▸ DATASET EXTRACT:

::::

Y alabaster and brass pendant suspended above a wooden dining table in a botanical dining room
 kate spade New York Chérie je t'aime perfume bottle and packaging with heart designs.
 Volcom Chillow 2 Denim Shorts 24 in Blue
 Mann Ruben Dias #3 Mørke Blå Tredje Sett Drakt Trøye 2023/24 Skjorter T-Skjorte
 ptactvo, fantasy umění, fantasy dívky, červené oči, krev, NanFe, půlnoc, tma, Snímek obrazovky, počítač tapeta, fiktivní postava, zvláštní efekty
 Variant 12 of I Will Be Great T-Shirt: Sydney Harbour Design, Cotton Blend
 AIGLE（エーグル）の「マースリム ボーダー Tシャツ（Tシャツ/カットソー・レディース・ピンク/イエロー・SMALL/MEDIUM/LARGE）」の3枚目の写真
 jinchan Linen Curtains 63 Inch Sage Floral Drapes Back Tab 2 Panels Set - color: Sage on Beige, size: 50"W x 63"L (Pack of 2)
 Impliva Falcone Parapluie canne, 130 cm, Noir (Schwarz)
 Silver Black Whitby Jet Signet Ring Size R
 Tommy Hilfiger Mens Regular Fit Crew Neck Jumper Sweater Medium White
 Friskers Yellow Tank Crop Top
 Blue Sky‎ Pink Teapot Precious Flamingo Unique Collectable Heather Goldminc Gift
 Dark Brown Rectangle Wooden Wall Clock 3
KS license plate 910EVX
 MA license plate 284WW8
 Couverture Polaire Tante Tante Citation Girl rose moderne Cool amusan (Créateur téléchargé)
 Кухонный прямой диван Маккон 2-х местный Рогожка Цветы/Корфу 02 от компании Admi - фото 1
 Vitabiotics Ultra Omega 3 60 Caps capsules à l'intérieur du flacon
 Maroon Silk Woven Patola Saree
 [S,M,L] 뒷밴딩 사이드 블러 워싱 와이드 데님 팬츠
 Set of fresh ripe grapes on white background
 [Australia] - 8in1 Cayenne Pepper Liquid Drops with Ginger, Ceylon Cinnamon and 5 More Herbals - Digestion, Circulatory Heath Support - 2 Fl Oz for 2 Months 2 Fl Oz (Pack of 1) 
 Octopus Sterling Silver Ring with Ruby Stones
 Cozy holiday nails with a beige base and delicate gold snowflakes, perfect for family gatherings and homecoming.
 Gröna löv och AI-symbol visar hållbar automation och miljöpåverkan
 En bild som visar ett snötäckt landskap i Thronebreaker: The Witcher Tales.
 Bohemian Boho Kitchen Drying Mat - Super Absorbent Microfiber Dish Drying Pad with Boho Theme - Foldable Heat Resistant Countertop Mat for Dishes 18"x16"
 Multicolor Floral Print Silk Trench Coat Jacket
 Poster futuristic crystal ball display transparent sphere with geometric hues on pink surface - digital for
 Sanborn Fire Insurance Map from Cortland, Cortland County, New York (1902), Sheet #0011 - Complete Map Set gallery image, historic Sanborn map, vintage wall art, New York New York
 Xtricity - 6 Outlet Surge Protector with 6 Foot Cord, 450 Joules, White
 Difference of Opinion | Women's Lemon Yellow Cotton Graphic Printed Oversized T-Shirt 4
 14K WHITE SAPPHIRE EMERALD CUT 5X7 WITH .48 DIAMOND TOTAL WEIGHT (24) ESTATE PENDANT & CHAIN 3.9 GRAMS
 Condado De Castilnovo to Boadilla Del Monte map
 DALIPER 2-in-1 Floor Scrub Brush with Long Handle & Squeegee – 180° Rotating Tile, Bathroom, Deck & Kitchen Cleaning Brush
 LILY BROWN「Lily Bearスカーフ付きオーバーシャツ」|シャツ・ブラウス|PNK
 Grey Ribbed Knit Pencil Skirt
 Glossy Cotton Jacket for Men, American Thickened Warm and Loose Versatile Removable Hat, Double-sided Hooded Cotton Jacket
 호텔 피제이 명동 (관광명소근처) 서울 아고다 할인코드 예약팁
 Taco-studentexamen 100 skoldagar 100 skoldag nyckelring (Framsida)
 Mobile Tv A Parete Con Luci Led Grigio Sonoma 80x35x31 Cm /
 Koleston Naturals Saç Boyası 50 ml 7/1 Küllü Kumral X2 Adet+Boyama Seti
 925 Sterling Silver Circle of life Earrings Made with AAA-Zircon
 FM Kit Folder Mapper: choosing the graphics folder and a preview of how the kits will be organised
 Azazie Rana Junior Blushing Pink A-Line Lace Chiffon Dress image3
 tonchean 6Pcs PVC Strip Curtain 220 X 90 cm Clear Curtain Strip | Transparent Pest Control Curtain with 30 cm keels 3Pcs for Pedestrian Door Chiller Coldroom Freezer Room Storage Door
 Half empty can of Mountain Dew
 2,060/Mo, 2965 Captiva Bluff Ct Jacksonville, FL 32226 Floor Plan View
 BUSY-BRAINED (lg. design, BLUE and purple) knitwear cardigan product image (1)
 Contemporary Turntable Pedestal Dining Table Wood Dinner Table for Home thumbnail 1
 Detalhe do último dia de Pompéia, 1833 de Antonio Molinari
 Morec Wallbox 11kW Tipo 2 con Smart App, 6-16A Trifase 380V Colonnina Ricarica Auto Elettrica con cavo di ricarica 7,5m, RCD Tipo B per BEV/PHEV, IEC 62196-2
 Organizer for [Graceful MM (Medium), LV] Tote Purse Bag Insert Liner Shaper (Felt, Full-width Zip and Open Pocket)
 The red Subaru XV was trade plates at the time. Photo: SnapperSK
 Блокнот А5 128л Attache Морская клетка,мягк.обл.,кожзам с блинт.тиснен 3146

::::

▸ REQUIREMENT:
The records above should be repeated word for word.

▸ WORKED SOLUTION:
Y alabaster and brass pendant suspended above a wooden dining table in a botanical dining room
 kate spade New York Chérie je t'aime perfume bottle and packaging with heart designs.
 Volcom Chillow 2 Denim Shorts 24 in Blue
 Mann Ruben Dias #3 Mørke Blå Tredje Sett Drakt Trøye 2023/24 Skjorter T-Skjorte
 ptactvo, fantasy umění, fantasy dívky, červené oči, krev, NanFe, půlnoc, tma, Snímek obrazovky, počítač tapeta, fiktivní postava, zvláštní efekty
 Variant 12 of I Will Be Great T-Shirt: Sydney Harbour Design, Cotton Blend
 AIGLE（エーグル）の「マースリム ボーダー Tシャツ（Tシャツ/カットソー・レディース・ピンク/イエロー・SMALL/MEDIUM/LARGE）」の3枚目の写真
 jinchan Linen Curtains 63 Inch Sage Floral Drapes Back Tab 2 Panels Set - color: Sage on Beige, size: 50"W x 63"L (Pack of 2)
 Impliva Falcone Parapluie canne, 130 cm, Noir (Schwarz)
 Silver Black Whitby Jet Signet Ring Size R
 Tommy Hilfiger Mens Regular Fit Crew Neck Jumper Sweater Medium White
 Friskers Yellow Tank Crop Top
 Blue Sky‎ Pink Teapot Precious Flamingo Unique Collectable Heather Goldminc Gift
 Dark Brown Rectangle Wooden Wall Clock 3
KS license plate 910EVX
 MA license plate 284WW8
 Couverture Polaire Tante Tante Citation Girl rose moderne Cool amusan (Créateur téléchargé)
 Кухонный прямой диван Маккон 2-х местный Рогожка Цветы/Корфу 02 от компании Admi - фото 1
 Vitabiotics Ultra Omega 3 60 Caps capsules à l'intérieur du flacon
 Maroon Silk Woven Patola Saree
 [S,M,L] 뒷밴딩 사이드 블러 워싱 와이드 데님 팬츠
 Set of fresh ripe grapes on white background
 [Australia] - 8in1 Cayenne Pepper Liquid Drops with Ginger, Ceylon Cinnamon and 5 More Herbals - Digestion, Circulatory Heath Support - 2 Fl Oz for 2 Months 2 Fl Oz (Pack of 1) 
 Octopus Sterling Silver Ring with Ruby Stones
 Cozy holiday nails with a beige base and delicate gold snowflakes, perfect for family gatherings and homecoming.
 Gröna löv och AI-symbol visar hållbar automation och miljöpåverkan
 En bild som visar ett snötäckt landskap i Thronebreaker: The Witcher Tales.
 Bohemian Boho Kitchen Drying Mat - Super Absorbent Microfiber Dish Drying Pad with Boho Theme - Foldable Heat Resistant Countertop Mat for Dishes 18"x16"
 Multicolor Floral Print Silk Trench Coat Jacket
 Poster futuristic crystal ball display transparent sphere with geometric hues on pink surface - digital for
 Sanborn Fire Insurance Map from Cortland, Cortland County, New York (1902), Sheet #0011 - Complete Map Set gallery image, historic Sanborn map, vintage wall art, New York New York
 Xtricity - 6 Outlet Surge Protector with 6 Foot Cord, 450 Joules, White
 Difference of Opinion | Women's Lemon Yellow Cotton Graphic Printed Oversized T-Shirt 4
 14K WHITE SAPPHIRE EMERALD CUT 5X7 WITH .48 DIAMOND TOTAL WEIGHT (24) ESTATE PENDANT & CHAIN 3.9 GRAMS
 Condado De Castilnovo to Boadilla Del Monte map
 DALIPER 2-in-1 Floor Scrub Brush with Long Handle & Squeegee – 180° Rotating Tile, Bathroom, Deck & Kitchen Cleaning Brush
 LILY BROWN「Lily Bearスカーフ付きオーバーシャツ」|シャツ・ブラウス|PNK
 Grey Ribbed Knit Pencil Skirt
 Glossy Cotton Jacket for Men, American Thickened Warm and Loose Versatile Removable Hat, Double-sided Hooded Cotton Jacket
 호텔 피제이 명동 (관광명소근처) 서울 아고다 할인코드 예약팁
 Taco-studentexamen 100 skoldagar 100 skoldag nyckelring (Framsida)
 Mobile Tv A Parete Con Luci Led Grigio Sonoma 80x35x31 Cm /
 Koleston Naturals Saç Boyası 50 ml 7/1 Küllü Kumral X2 Adet+Boyama Seti
 925 Sterling Silver Circle of life Earrings Made with AAA-Zircon
 FM Kit Folder Mapper: choosing the graphics folder and a preview of how the kits will be organised
 Azazie Rana Junior Blushing Pink A-Line Lace Chiffon Dress image3
 tonchean 6Pcs PVC Strip Curtain 220 X 90 cm Clear Curtain Strip | Transparent Pest Control Curtain with 30 cm keels 3Pcs for Pedestrian Door Chiller Coldroom Freezer Room Storage Door
 Half empty can of Mountain Dew
 2,060/Mo, 2965 Captiva Bluff Ct Jacksonville, FL 32226 Floor Plan View
 BUSY-BRAINED (lg. design, BLUE and purple) knitwear cardigan product image (1)
 Contemporary Turntable Pedestal Dining Table Wood Dinner Table for Home thumbnail 1
 Detalhe do último dia de Pompéia, 1833 de Antonio Molinari
 Morec Wallbox 11kW Tipo 2 con Smart App, 6-16A Trifase 380V Colonnina Ricarica Auto Elettrica con cavo di ricarica 7,5m, RCD Tipo B per BEV/PHEV, IEC 62196-2
 Organizer for [Graceful MM (Medium), LV] Tote Purse Bag Insert Liner Shaper (Felt, Full-width Zip and Open Pocket)
 The red Subaru XV was trade plates at the time. Photo: SnapperSK
 Блокнот А5 128л Attache Морская клетка,мягк.обл.,кожзам с блинт.тиснен 3146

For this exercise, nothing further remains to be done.